General Location Archaeology Environmental Management Images

 

Notes about name:
 
The name 'Lordenshaw' (also Lordinshaw) is not clear in its origin, but may come from heavy (Old French lourdin) ridge (Old English hou, which occurs as 'hoe', as in Prudhoe or Swinhoe, for example). The other meaning of 'shaw' is a wood. If the first derivation is correct it means that the ridge was unproductive, for 'heavy' was used as a term of complaint.

Current location: Countryside

Parish: Hesleyhurst CP, Alnwick, Northumberland, England   

Panel type:

  • Art in Landscape – Outcrop

Legal status: Private

Nature of access: Open Access

Wheelchair access: Impossible


General notes:
 
General introduction to Lordenshaw:

The sandstone promontory on which Lordenshaw stands is to the north east of the Simonside --Dove Crags range of hills. Its north west and south east flanks drop respectively to Whitton Dean, a tributary of the Coquet and to a narrow glaciated valley overlooked to the east by another outlying sandstone hill that rises to the same height as Lordenshaw. There is a rise to the hillfort from the south west, then the land slopes away to the north east, finger-like, to the Whitton Burn.

This raised, prominent extension of the Simonside Hills reaches 268m.OD, and is made up of outcrop Fell sandstone, with only a thin layer of acidic soil. There are patches of bright orange soil thrown up by rabbits, and a dark grey soil elsewhere.

The whole area has archaeology of many different periods, one of the most recent and most significant being the clearance of much of the land to the east for ‘improvement' for the growing of grain on a regular close-running rig and furrow system. This must have destroyed some surface archaeology, and may have resulted in some of the stone heaps that could also be prehistoric burial mounds.

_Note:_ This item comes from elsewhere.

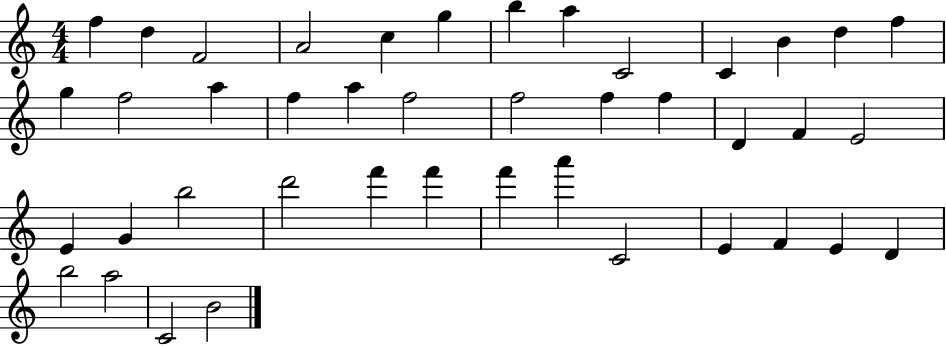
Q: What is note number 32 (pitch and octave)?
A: F6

Prominent on the hilltop is a ‘fort', a ditched Iron Age enclosure that has been re-used as a Romano-British settlement. The slope southwards to the modern road and car park has many field walls, some of cobble and soil construction, and others of vertically--set sandstones. Some of these walls cross one another, and represent different episodes in the use of the land.

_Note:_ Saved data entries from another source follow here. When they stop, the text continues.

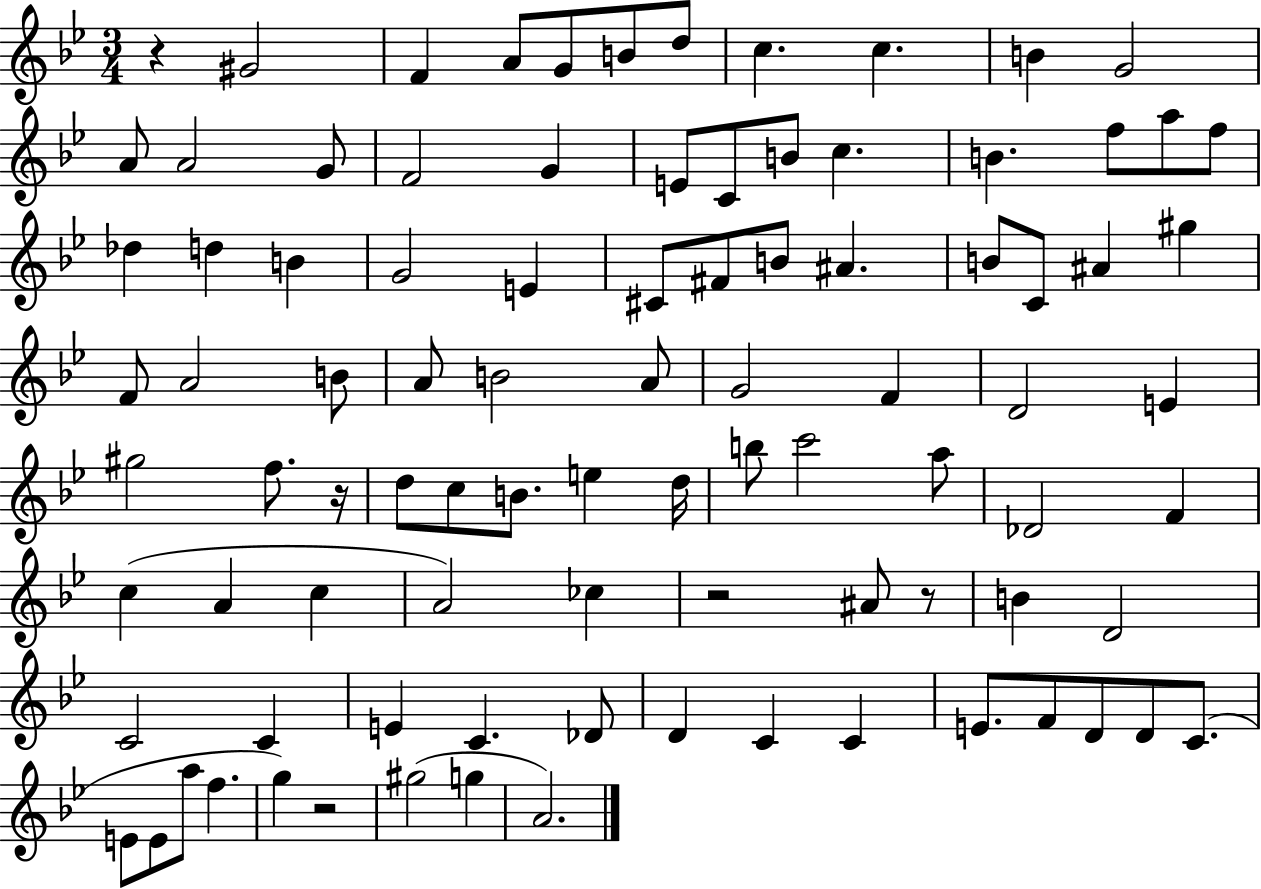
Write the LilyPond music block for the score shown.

{
  \clef treble
  \numericTimeSignature
  \time 3/4
  \key bes \major
  r4 gis'2 | f'4 a'8 g'8 b'8 d''8 | c''4. c''4. | b'4 g'2 | \break a'8 a'2 g'8 | f'2 g'4 | e'8 c'8 b'8 c''4. | b'4. f''8 a''8 f''8 | \break des''4 d''4 b'4 | g'2 e'4 | cis'8 fis'8 b'8 ais'4. | b'8 c'8 ais'4 gis''4 | \break f'8 a'2 b'8 | a'8 b'2 a'8 | g'2 f'4 | d'2 e'4 | \break gis''2 f''8. r16 | d''8 c''8 b'8. e''4 d''16 | b''8 c'''2 a''8 | des'2 f'4 | \break c''4( a'4 c''4 | a'2) ces''4 | r2 ais'8 r8 | b'4 d'2 | \break c'2 c'4 | e'4 c'4. des'8 | d'4 c'4 c'4 | e'8. f'8 d'8 d'8 c'8.( | \break e'8 e'8 a''8 f''4. | g''4) r2 | gis''2( g''4 | a'2.) | \break \bar "|."
}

The oldest features belong to the late Neolithic period, represented by cup and ring marked rocks over a wide area. The motifs vary from simple cups to more complex ringed cups and grooves, but there is a characteristic regional phenomenon of long grooves or channels that follow the slope of the outcrop sheets on the east side of the hill.

It is impossible to date outcrop markings, but in this area three possible early bronze age cairns have been built on marked outcrop rock, showing that the latter are either contemporary or earlier, and also showing that the sites were already of great importance in the landscape before the cairns were added.

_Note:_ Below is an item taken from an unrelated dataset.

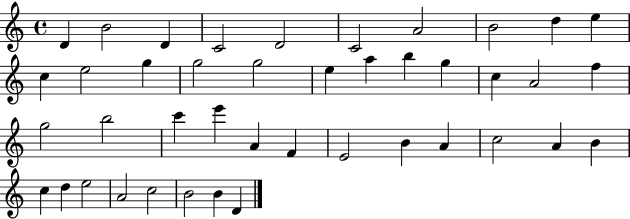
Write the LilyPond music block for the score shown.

All the marked rocks in situ are at prominent viewpoints, some commanding many miles of territory. A few cupped rocks in the hillfort allow the possibility that some marked surfaces may have been destroyed during its construction, and the medieval Deer Park wall may account for others being broken up and reused.
Modern quarrying has certainly taken its toll, especially on the north west, where masses of freestone have been removed, leaving holes in the ground like bomb craters, and the main block of rock art (2c) bears every sign of the quarrying process. Add to that a network of other walls, including those for sheilings (temporary herds' houses and gardens), and it is likely that we have lost a large proportion of rock art.
 

Motifs:  Single or multiple cups: at least 18 foundCup and ring: at least 3 found

Art description:

Scatters of 21 cups, three with rings.